====== Provided entries ======

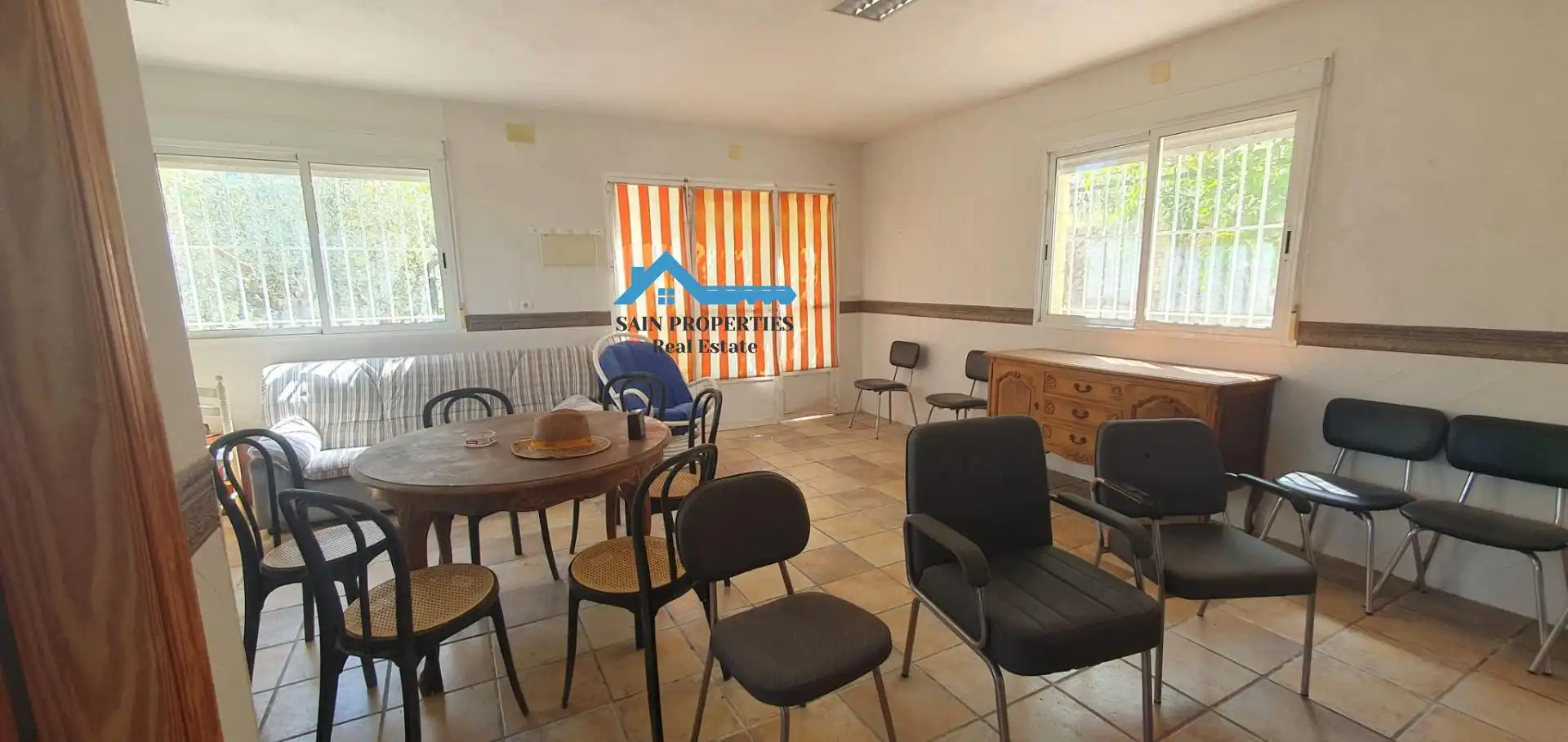 Comedor de Casa o chalet en venta en Confrides con Calefacción, Jardín privado y Terraza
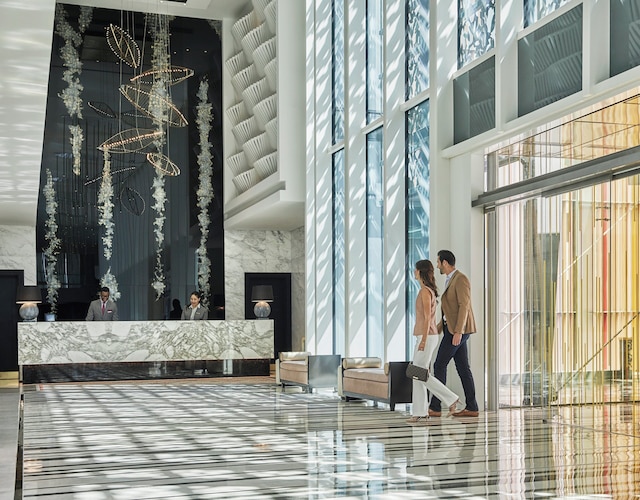 フォー シーズンズ ホテル アブ ダビ アット アル マライヤ アイランド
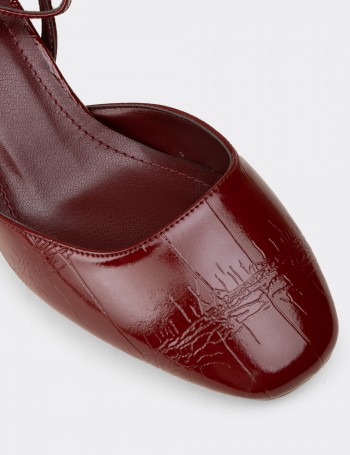 Kadın Bordo İnce Bantlı Topuklu Ayakkabı - RD016ZBRDM01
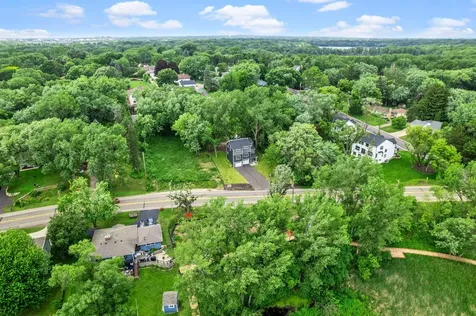 2817 Victoria Street N Roseville MN 55113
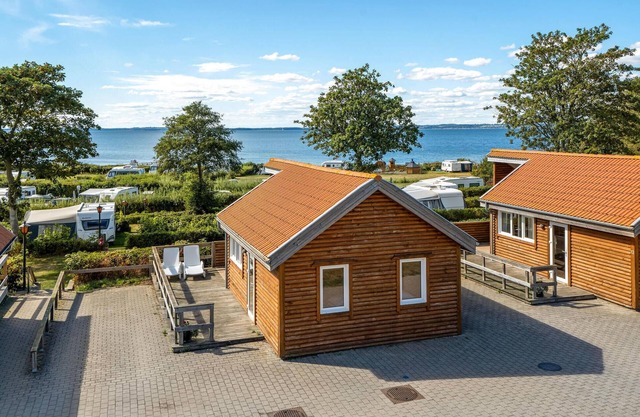 Cozy home in Tranekær with WiFi
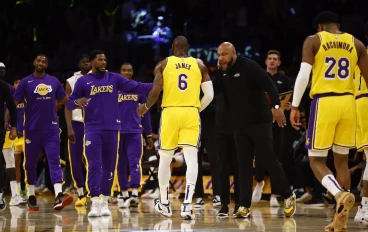 LA Lakers Lebron James celebrates playoffs win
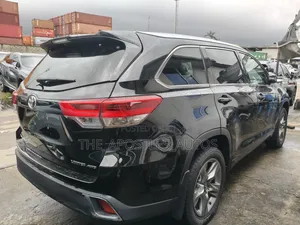 Toyota Highlander 2019 Matt Black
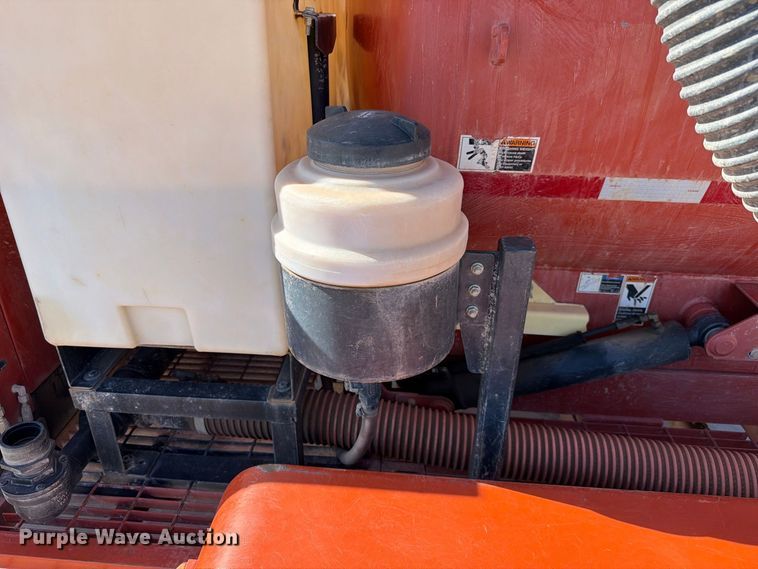 image for item FI2090 2011 Ditch Witch FX30 vacuum excavator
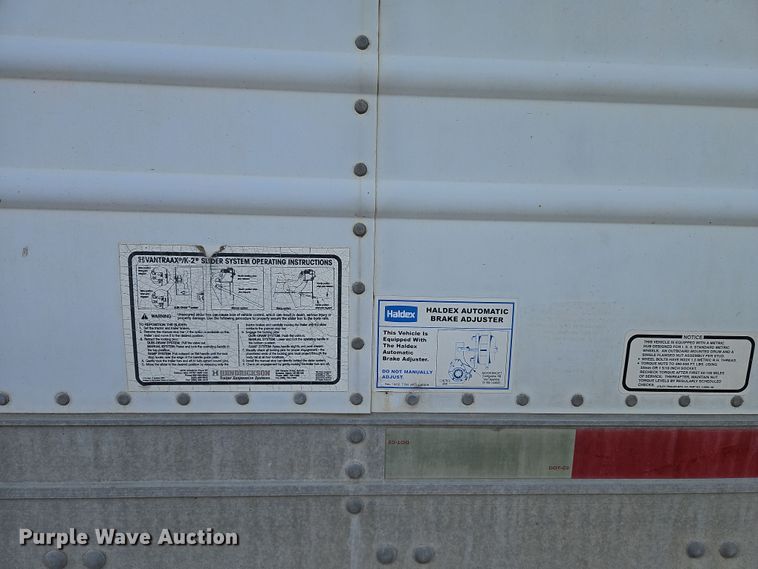 image for item DN7157 2004 Utility VS2RA  refrigerated van trailer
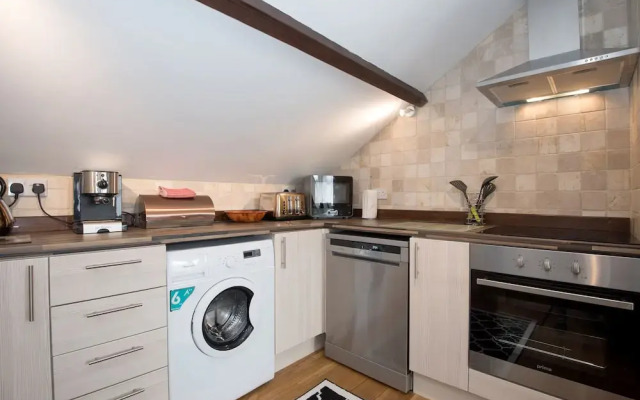 84 Kingsway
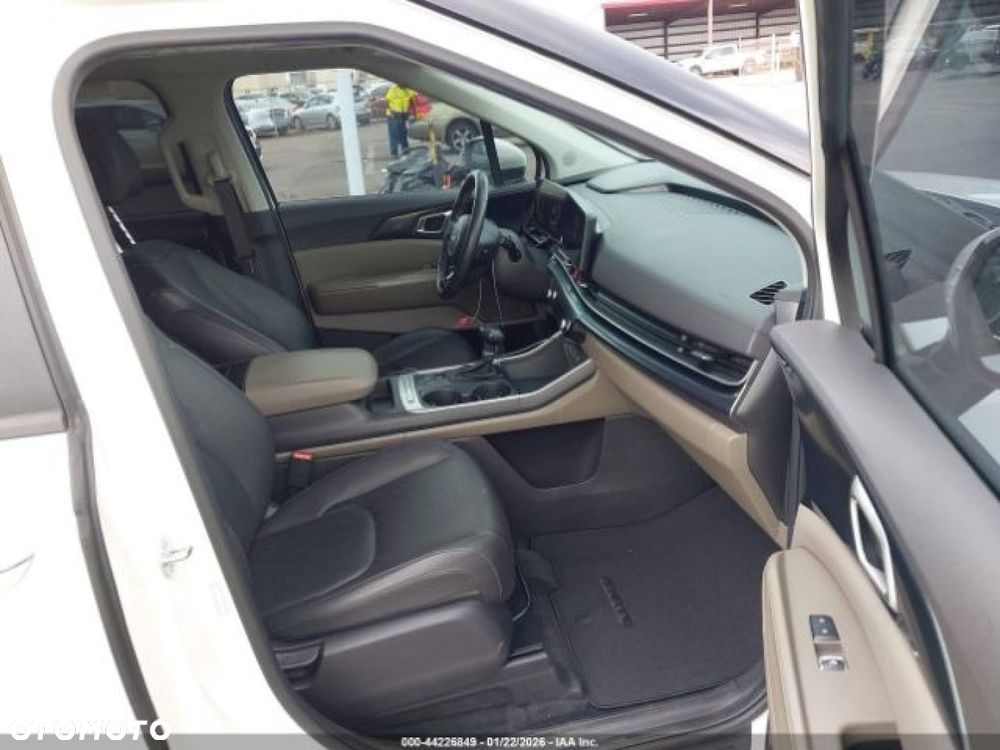 Kia Carnival - 9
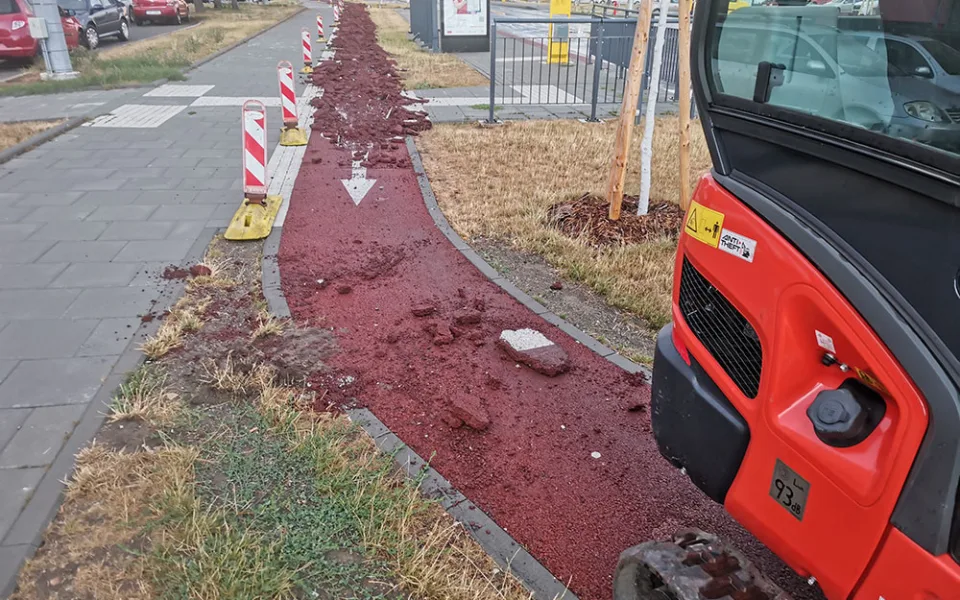 Novou cyklostezku na sídlišti v Olomouci ničí bagry. Město reklamuje špatný asfalt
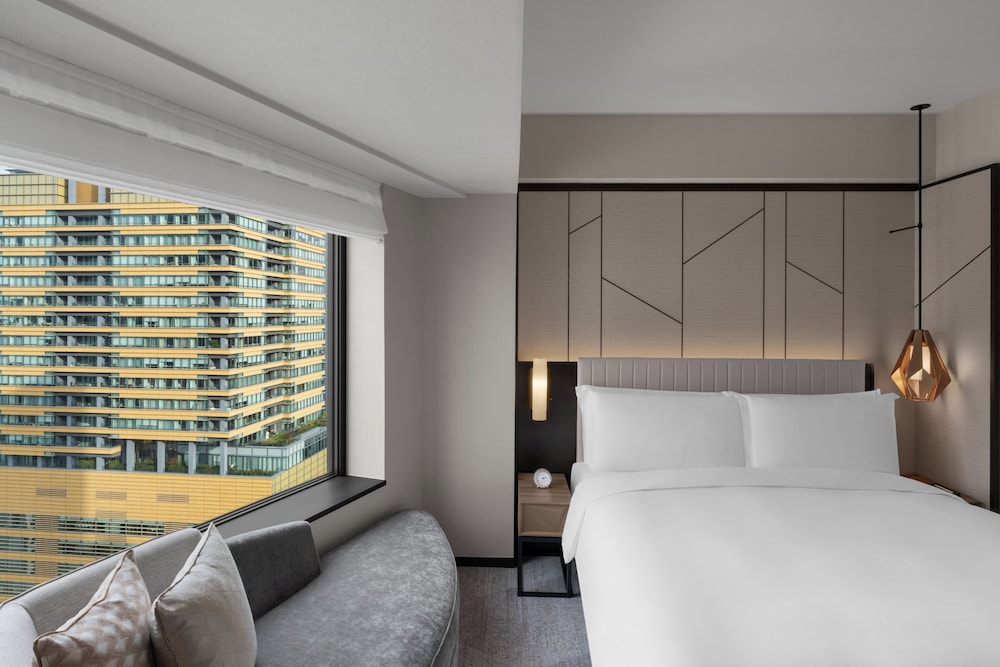 Premium Room, 1 King Bed, Club Lounge Access (Bath) thumbnail 5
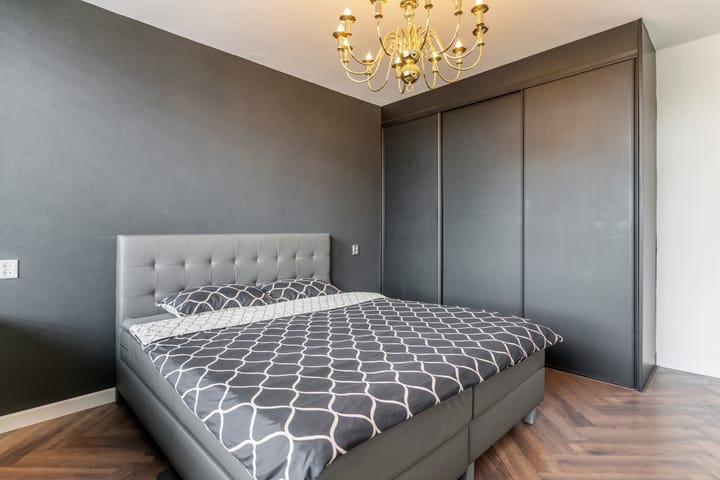 Photo 19 of Van Anrooystraat 115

======

▶ **Exercise requirements**
When you retype the data above, match every line exactly and leave the pictures behind.

▶ **Completed exercise**
 Comedor de Casa o chalet en venta en Confrides con Calefacción, Jardín privado y Terraza
 フォー シーズンズ ホテル アブ ダビ アット アル マライヤ アイランド
 Kadın Bordo İnce Bantlı Topuklu Ayakkabı - RD016ZBRDM01
 2817 Victoria Street N Roseville MN 55113
 Cozy home in Tranekær with WiFi
 LA Lakers Lebron James celebrates playoffs win
 Toyota Highlander 2019 Matt Black
 image for item FI2090 2011 Ditch Witch FX30 vacuum excavator
 image for item DN7157 2004 Utility VS2RA  refrigerated van trailer
 84 Kingsway
 Kia Carnival - 9
 Novou cyklostezku na sídlišti v Olomouci ničí bagry. Město reklamuje špatný asfalt
 Premium Room, 1 King Bed, Club Lounge Access (Bath) thumbnail 5
 Photo 19 of Van Anrooystraat 115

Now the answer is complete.